Main package with tools to make any predictive model cost-aware.
To install, run python setup.py install
from the main directory; python setup.py install --user
for local install. Installation should take only a few minutes.
For more examples, see experiments
, in particular experiments/ED Trauma.ipynb
and experiments/NHANES.ipynb
.
Basic Usage:
from coai import CoAIOptimizer
import numpy as np
import shap
import xgboost as xgb
# Random data
Xtrain = np.random.random((100,10))
Xtest = np.random.random((100,10))
ytrain = np.random.choice([0,1],size=100)
ytest = np.random.choice([0,1],size=100)
# Features fall into two groups, each with a randmly assigned cost
costs = np.hstack(([np.random.random()]*5,[np.random.random()]*5))
groups = np.hstack(([1]*5,[2]*5))
# Train models at three cost thresholds
thresholds = np.array([0.5,1.25,1.75])
# Base model and explainer
bst = xgb.XGBClassifier(tree_method='approx',silent=1)

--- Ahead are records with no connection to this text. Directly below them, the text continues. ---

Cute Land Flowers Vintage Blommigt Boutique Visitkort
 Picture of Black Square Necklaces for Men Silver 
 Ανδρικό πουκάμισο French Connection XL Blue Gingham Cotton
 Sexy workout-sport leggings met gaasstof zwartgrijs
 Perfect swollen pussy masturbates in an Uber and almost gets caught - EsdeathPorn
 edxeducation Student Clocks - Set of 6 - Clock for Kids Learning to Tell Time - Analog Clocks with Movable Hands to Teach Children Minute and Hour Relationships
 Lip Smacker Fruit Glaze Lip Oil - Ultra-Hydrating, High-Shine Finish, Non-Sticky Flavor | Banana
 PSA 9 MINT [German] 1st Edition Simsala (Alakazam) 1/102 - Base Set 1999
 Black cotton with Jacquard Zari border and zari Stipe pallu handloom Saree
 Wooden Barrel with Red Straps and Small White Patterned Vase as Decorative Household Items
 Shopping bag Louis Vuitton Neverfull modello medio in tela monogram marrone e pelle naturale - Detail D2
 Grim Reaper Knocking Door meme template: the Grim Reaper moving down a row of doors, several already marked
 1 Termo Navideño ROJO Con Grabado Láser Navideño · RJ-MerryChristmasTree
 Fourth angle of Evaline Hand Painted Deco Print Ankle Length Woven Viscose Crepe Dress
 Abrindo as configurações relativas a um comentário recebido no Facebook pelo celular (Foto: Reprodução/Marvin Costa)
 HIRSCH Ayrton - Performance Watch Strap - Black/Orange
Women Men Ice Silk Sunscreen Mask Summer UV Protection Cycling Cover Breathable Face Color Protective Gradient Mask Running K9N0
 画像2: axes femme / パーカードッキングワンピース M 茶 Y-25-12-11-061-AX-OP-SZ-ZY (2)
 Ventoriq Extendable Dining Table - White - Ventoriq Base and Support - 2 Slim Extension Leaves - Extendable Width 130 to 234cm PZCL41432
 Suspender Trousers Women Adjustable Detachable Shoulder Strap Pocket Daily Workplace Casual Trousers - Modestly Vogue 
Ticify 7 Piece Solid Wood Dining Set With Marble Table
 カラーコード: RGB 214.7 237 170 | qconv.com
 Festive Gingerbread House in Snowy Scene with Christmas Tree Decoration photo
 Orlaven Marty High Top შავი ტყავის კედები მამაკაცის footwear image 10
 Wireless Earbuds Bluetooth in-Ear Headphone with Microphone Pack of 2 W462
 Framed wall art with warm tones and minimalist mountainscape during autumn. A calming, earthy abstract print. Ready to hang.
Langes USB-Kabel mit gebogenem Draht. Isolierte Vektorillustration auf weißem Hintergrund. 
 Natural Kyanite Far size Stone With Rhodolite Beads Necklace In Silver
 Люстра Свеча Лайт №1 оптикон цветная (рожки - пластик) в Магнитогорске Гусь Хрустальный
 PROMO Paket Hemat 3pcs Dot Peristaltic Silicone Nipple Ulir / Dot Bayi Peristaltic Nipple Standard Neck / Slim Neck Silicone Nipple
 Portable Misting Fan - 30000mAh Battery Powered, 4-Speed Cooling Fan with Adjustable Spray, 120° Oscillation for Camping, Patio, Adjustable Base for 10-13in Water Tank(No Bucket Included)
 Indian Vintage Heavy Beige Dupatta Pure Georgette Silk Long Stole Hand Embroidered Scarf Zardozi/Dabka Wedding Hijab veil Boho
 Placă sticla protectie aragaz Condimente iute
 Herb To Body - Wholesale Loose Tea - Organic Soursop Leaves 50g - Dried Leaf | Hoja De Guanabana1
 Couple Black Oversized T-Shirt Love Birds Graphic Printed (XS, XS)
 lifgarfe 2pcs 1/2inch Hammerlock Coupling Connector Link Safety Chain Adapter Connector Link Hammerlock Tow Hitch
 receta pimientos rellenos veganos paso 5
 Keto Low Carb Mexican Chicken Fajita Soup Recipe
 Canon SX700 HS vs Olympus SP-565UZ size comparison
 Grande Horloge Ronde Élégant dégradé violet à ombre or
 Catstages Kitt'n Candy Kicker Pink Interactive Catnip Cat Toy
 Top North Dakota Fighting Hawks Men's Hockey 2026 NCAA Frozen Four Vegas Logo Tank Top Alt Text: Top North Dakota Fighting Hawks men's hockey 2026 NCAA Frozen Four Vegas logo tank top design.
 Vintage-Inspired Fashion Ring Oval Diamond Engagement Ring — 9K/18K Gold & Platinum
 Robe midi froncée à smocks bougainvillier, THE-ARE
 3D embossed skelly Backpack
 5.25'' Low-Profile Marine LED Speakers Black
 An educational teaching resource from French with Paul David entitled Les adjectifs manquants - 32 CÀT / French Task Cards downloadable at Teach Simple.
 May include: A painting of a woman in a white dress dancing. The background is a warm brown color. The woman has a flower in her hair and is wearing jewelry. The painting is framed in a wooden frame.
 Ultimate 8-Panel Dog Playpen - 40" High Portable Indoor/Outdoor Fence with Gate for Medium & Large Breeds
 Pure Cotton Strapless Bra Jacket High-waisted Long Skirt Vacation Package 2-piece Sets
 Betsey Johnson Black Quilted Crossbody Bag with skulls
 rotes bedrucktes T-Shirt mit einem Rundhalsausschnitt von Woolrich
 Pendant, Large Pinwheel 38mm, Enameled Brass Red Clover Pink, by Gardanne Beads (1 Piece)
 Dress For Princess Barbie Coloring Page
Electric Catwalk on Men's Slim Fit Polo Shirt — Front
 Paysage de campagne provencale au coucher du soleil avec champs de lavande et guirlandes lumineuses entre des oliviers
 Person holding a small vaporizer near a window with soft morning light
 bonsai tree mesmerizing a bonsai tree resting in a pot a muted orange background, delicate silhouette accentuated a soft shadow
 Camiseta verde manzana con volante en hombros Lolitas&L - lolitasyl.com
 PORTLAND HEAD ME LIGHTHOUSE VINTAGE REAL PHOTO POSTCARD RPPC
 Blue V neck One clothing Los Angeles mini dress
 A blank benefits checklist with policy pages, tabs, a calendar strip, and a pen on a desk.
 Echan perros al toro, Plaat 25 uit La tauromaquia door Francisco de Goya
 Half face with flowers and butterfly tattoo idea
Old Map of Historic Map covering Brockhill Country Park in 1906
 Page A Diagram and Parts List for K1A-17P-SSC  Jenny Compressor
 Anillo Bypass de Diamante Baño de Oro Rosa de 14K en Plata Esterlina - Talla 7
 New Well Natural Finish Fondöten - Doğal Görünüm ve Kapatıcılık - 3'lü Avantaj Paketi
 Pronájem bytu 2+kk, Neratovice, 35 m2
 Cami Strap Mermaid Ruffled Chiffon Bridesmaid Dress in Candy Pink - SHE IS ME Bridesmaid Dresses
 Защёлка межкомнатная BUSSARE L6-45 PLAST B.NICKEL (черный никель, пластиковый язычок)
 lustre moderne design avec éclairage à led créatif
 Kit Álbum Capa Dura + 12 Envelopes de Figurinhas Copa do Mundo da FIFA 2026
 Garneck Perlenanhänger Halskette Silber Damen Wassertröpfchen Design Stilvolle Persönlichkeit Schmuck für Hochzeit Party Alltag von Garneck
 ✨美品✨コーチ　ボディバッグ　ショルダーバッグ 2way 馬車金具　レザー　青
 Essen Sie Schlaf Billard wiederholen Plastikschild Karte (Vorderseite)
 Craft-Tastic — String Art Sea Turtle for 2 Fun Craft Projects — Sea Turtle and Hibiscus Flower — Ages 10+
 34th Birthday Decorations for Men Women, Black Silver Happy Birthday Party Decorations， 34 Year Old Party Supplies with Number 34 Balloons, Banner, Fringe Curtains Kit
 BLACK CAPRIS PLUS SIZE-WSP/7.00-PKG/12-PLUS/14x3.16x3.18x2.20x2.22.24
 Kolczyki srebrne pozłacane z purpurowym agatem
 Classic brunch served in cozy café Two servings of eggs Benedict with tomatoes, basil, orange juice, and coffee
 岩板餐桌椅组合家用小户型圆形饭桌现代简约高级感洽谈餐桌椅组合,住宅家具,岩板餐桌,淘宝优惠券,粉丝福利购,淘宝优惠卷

explainer = shap.TreeExplainer
# Train CoAI
CoAI = CoAIOptimizer(bst,explainer,scale_ints=10000)
CoAI.fit(Xtrain,ytrain,
feature_costs=costs,
feature_groups=groups,
thresholds=thresholds)
# Generate predictions with budget 1.25
deployment_threshold=1.25
preds = CoAI.predict(Xtest,max_cost=deployment_threshold)
- Python 3 (3.6)
- Numpy (1.17.0)
- Pandas (0.25.1)
- Scikit-Learn (0.23)
- SHAP (0.35.0)
- LightGBM (2.3.0) -- required for
coai.cegb
module wrapping Cost-Efficient Gradient Boosting - Matplotlib (3.1.1)
- TQDM (4.49.0)
The coai.cwcf
module wrapping the RL-based Classification With Costly Features requires successful installation of the CWCF repository
CoAI should work on any operating system but has been tested so far on Ubuntu and CentOS.